As of January 2013 the Turkish current account deficit was $5.63 billion, down from $5.73 billion last year leaving it slightly above market expectations. With the Turkish economy’s slowdown and rise in the exports, foreign trade has been going through a balancing period.
“The main reason behind the good current account deficit performance in January is an increase in our goods and service exports. As the balance of payments display, we see two-digit growth with both of them,” Turkey’s Economy Minister Zafer Çağlayan said, adding that this proved Turkish business people should produce value-added goods and services and sell these abroad to achieve $500 billion worth export.

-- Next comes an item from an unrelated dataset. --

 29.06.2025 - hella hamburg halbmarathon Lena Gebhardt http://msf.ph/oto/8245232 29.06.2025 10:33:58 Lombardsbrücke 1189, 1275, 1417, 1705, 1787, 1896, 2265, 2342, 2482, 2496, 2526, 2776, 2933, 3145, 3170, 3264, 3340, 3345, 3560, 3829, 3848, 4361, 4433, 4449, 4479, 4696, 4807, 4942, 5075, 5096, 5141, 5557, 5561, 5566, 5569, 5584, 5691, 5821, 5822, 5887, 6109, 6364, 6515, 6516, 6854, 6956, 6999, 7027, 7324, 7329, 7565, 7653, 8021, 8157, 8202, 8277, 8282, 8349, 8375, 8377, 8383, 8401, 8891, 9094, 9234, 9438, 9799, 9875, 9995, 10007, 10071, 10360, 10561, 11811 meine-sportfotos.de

According to Caglayan 2012 was a good year in terms of cooling the account deficit, but 2013 and 14 are to be even better because of new incentives due to be launched.
The Central Bank also revised the annual current account deficit amount for last year, taking into Turkey’s Statistical Institute’s (TÜİK) recent methodology change in calculating tourism revenue data.
TÜİK has updated the methodology it uses to produce tourism statistics in accordance with European Statistics Office (Eurostat) and said the tourism revenues, previously calculated at $23.4 billion, was actually $29.3 billion, with an increase of $5.9 billion.
Due to this change the Central Bank raised the current account deficit for 2012 to $48.8 billion, from $47 billlion.